TR was employed by the company Exact Sciences Innovation Ltd. The remaining authors declare that the research was conducted in the absence of any commercial or financial relationships that could be construed as a potential conflict of interest.

Figures

**Figure 1**
Multimodal profiling of human paediatric thymus. **(A)** Experimental set-up. Tissue was subjected to dissociation (N=5) or snap frozen (N=8) for sectioning. From donors where tissue was to be dissociated, EDTA blood was also collected. CITE-seq was performed for PBMCs (n=5) and thymic cells (n=15) at three separate stages of dissociation: 1. unenriched, 2. APC enriched, and 3. CD45-depleted. Tissue sections were used for spatial transcriptomics. **(B)** UMAP of 83 847 cells colour-coded for the cell types identified in thymus.

**Figure 2**
Reanalysis of thymocyte subset. **(A)** UMAP of thymocyte subset. **(B, D)** Pseudotime analysis by Monocle3. **(C, E)** Expression of selected genes in thymocyte subset. The agonist.set.score reflects the mean expression of *NR4A1, NR4A3*, *NFKBID, NFATC1, BCL2L11* and *PDCD1.* **(F)** Expression of selected genes in thymocyte subset along pseudotime.

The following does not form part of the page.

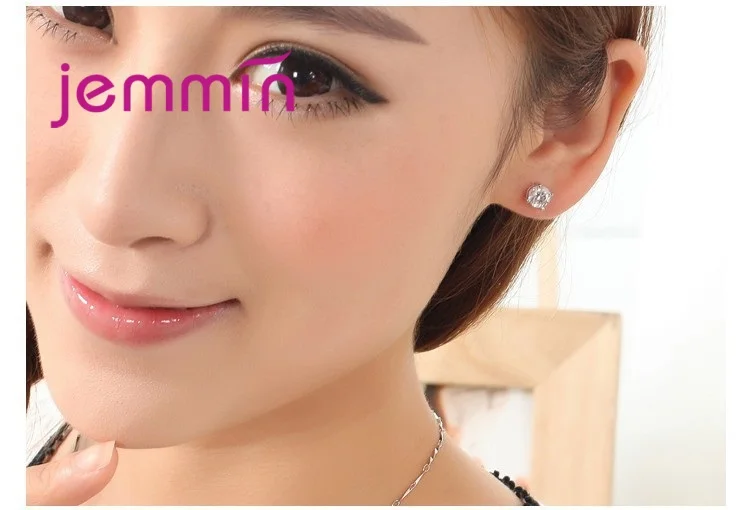 Classic AAA CZ Stud Earrings for Women Men 4MM to 8MM 925 Sterling Silver Crystal Cubic Zircon Studs Earring Mens Jewelry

Colouring according to annotations in **(A)**.

**Figure 3**
Reanalysis of DC subset and cell-to-cell interactions predicted by cellPhoneDB. **(A)** UMAP of DC subset. **(B)** Expression of selected genes in DC subset. **(C)** Density plot created by Nebulosa showing expression of selected proteins in the DC subset, adt = antibody derived tag. **(D)** Heatmap showing the number of predicted interactions between each combination of annotated cell types/states. **(E)** Expression of selected ligand-receptor pairs in selected pairs of cell types/states. Colour represents the mean of the average expression level of molecule 1 in cell type/state 1, and molecule 2 in cell type/state 2.

**Figure 4**
Reanalysis of B cell subset. **(A)** UMAP of B cell subset. **(B)** Expression of selected genes in B cell subset. **(C)** Expression of immunoglobulin genes in B cell subset.

**Figure 5**
Reanalysis of TEC subset and comparison of thymic and peripheral cell populations. **(A)** UMAP of TEC subset. **(B, C)** Expression of selected genes in TEC subset. **(D)** UMAP of PBMCs with predicted annotations. **(E)** Expression of selected marker genes in PBMCs. **(F)** Thymic dataset mapped onto the UMAP coordinates of the PBMC dataset. **(G)** Merged UMAP of PBMC and thymic datasets after mapping of thymic dataset onto the PBMC UMAP coordinates.

**Figure 6**
Spatial transcriptomics of human paediatric thymus. **(A)** UMAP of spatial transcriptomics dataset. **(B)** Expression of selected marker genes in spatial transcriptomics dataset. The agonist.set.score reflects the mean expression of *NR4A1, NR4A3*, *NFKBID, NFATC1, BCL2L11* and *PDCD1.* **(C, E)** Representative tissue sections coloured by annotations in **(A)**. **(D, F)** Spatial deconvolution of representative tissue sections by SPOTlight.

**Figure 7**
Predicted localisation of selected agonist selected and antigen-presenting cell populations by SPOTlight. **(A)**. Predicted proportion of selected populations among tissue spots. **(B–E)**. Localisation of spots predicted to include selected cell populations on representative tissue sections.

**Figure 8**
Predicted localisation of selected stromal cell populations by SPOTlight. **(A)**. Predicted proportion of selected populations among tissue spots. **(B–E)**. Localisation of spots predicted to include selected cell populations on representative tissue sections.

**Figure 9**
Putative model of the cellular milieu for T agonist selection in the thymus.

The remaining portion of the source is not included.